China’s gender gap in politics and society is widening

The position of Chinese women has deteriorated in a number of important areas, including political empowerment. This is the result of the 2017 Global Gender Gap Report, released on November 2 by the World Economic Forum (WEF). The CCP’s 19thCongress in October was a powerful reminder of this trend. The number of women in the newly elected Central Committee dropped from 6.4 to 4.9 percent and the number of women in the Politburo dropped from 2 to 1. Only about a quarter of the Party Congress’ 2,300 delegates were female.

In the Global Gender Gap report, China slipped from place 99 to 100 among 144 surveyed countries from 2016 to 2017. In line with global developments, it is the first time the report observed a downward trend in China after a decade of improvements.

In line with its socialist heritage, China continues to do well in areas such as women’s access to education and participation in the workforce. But it scores below the global average in areas like political empowerment and general health.

Observers have noted a return to more traditional role models in Chinese families. A report earlier this year concluded that the introduction of the two-child policy last year has led to a widening gender gap in the percentage of the day spent doing unpaid housework.

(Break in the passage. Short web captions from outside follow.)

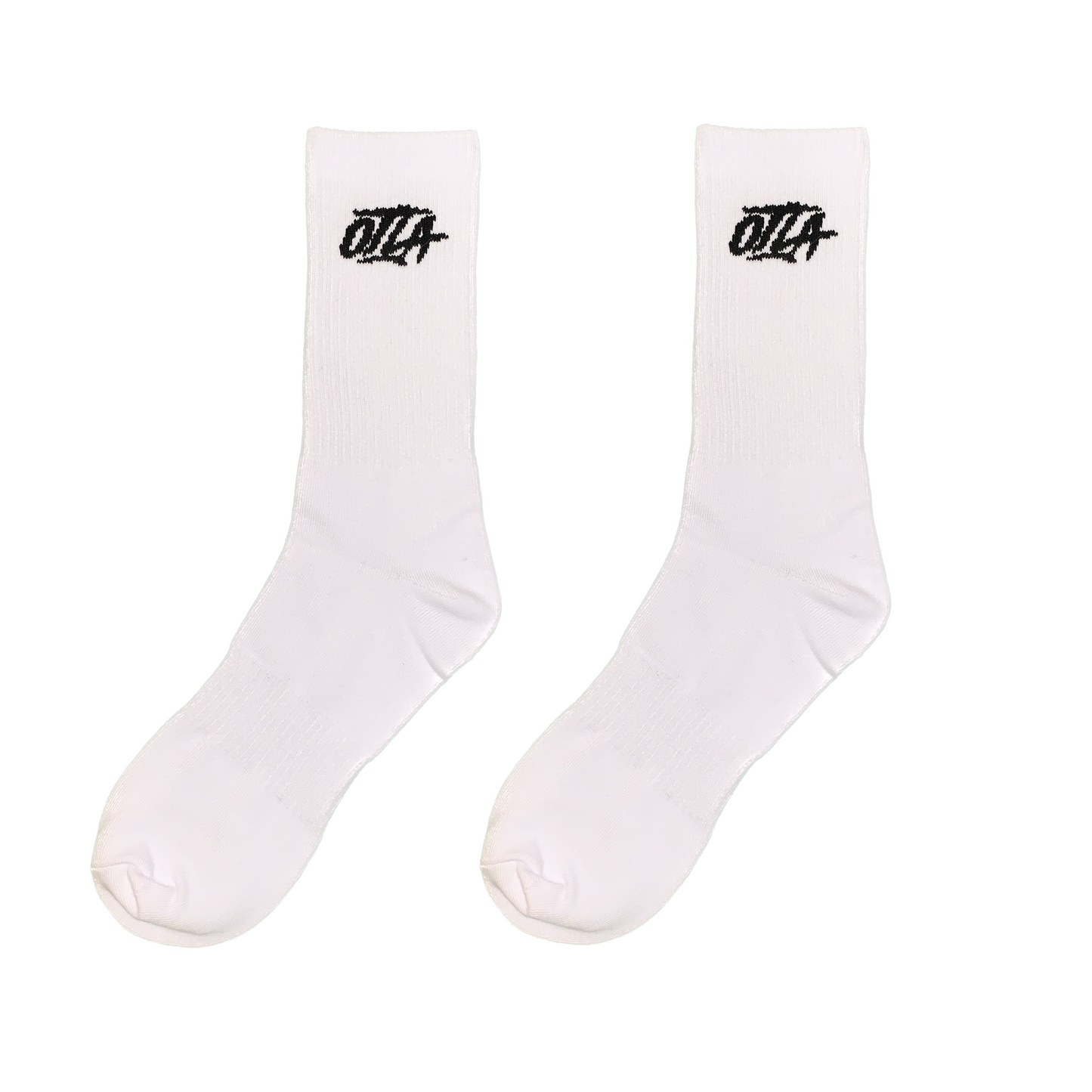 Logo socks (2 pair)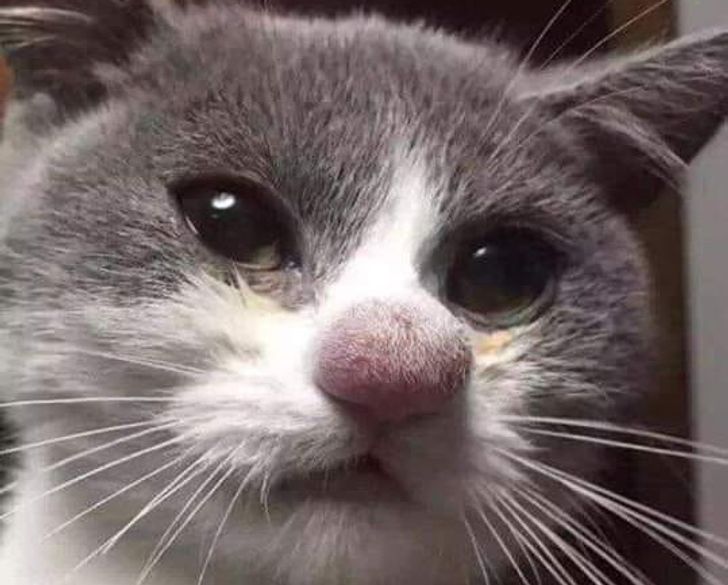 Фотография: 22 котика, в которых внезапно проснулся охотничий инстинкт, но они забыли как это делается №8 - BigPicture.ru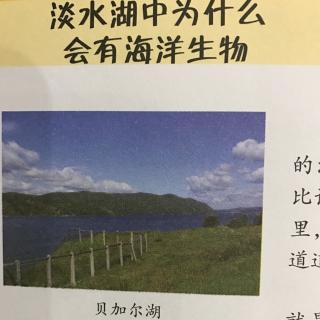 淡水湖中为什么会有海洋生物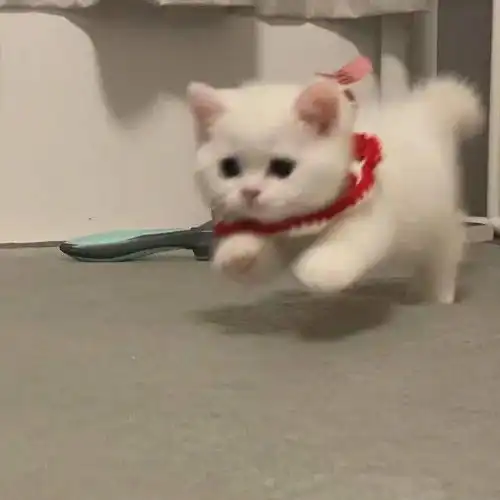 个性搞怪头像
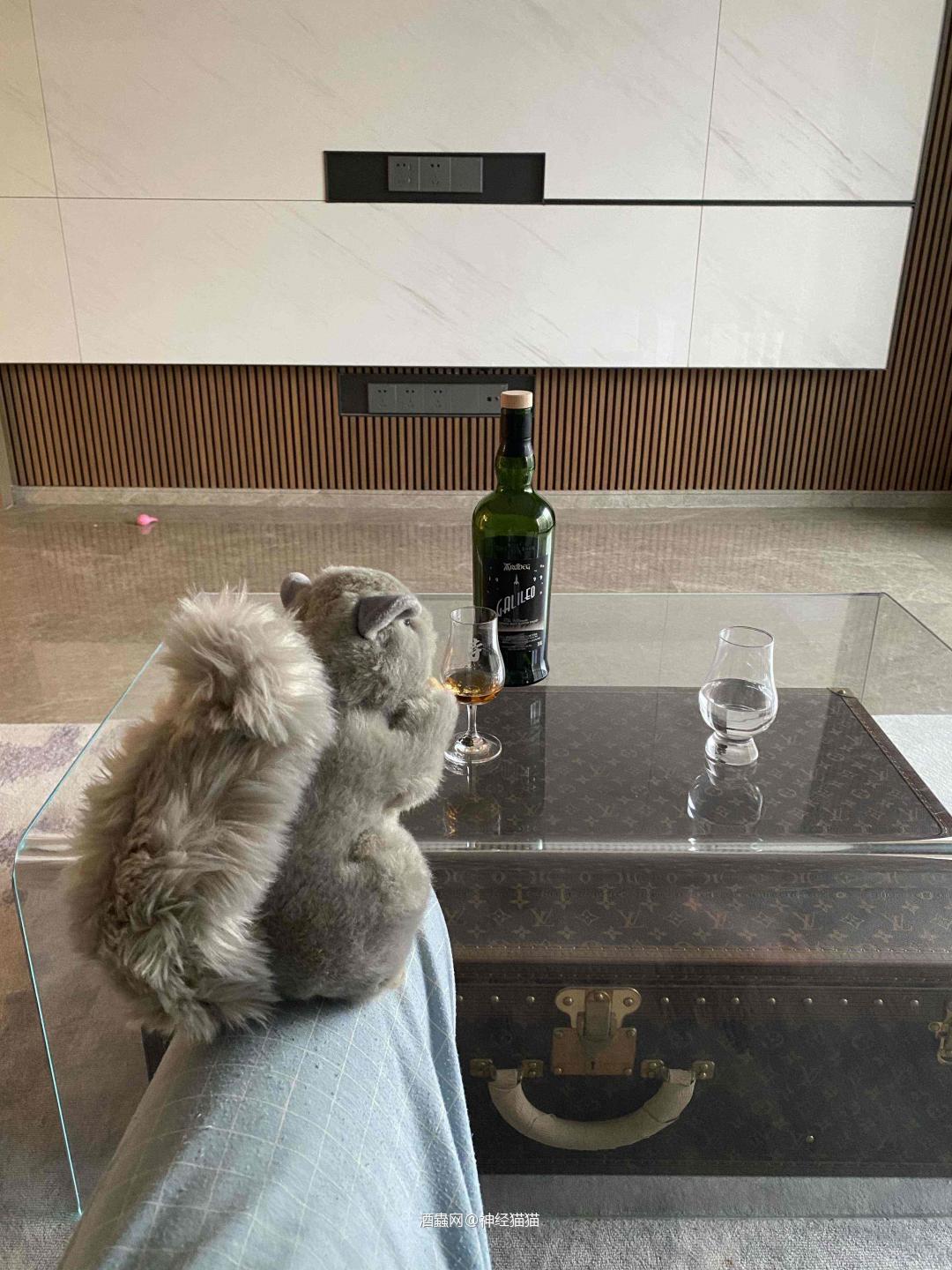 陪我喝酒的松鼠
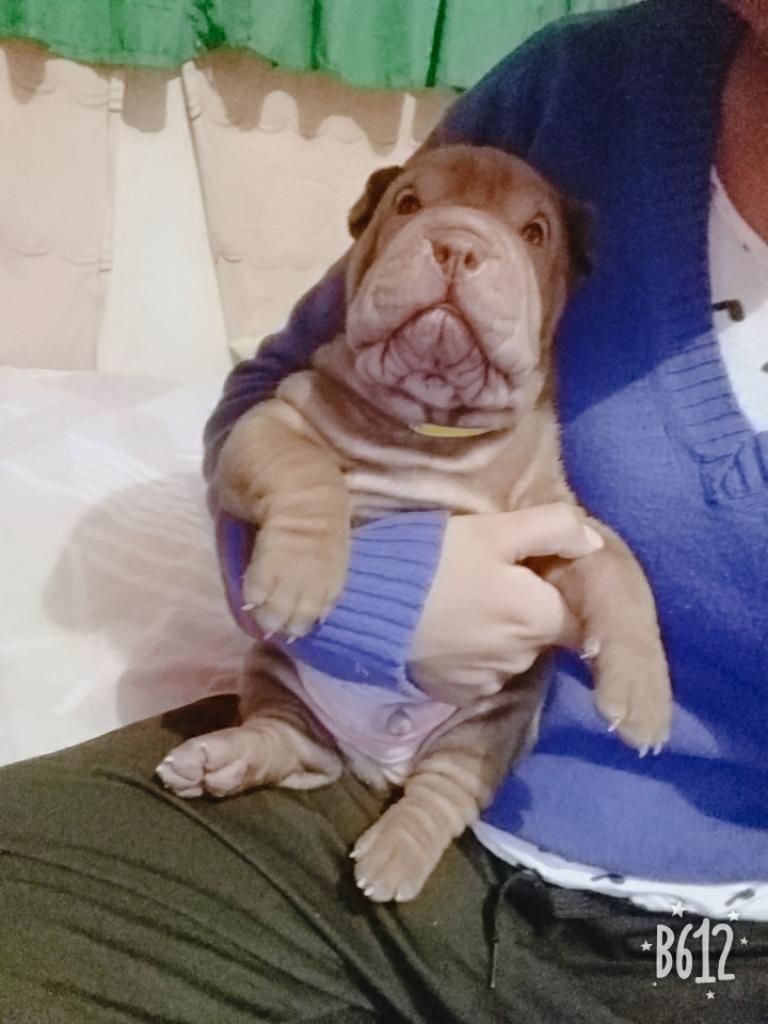 Shar Pei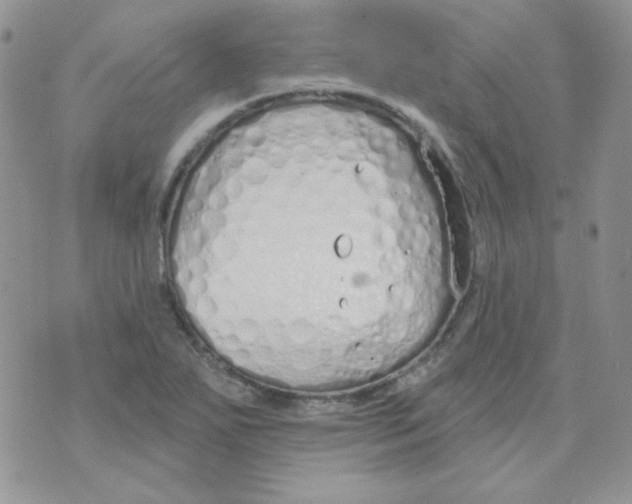 X0000074321271200609152023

The global outrage over the Harvey Weinstein scandal has also triggered a debate about widespread misogyny in Chinese society. A China Daily article that claimed that sexual harassment was a Western problem, was ridiculed and debunked within and outside Chinese film industry circles. China Daily eventually took down the article. Sexual harassment and discrimination is also an ongoing problem for female factory workers.

The Chinese government has promised to improve gender equality through means such as offering equal social security insurance for women and slightly increasing maternity leave days (from 90 to 98) or by offering micro credit for female start-up entrepreneurs.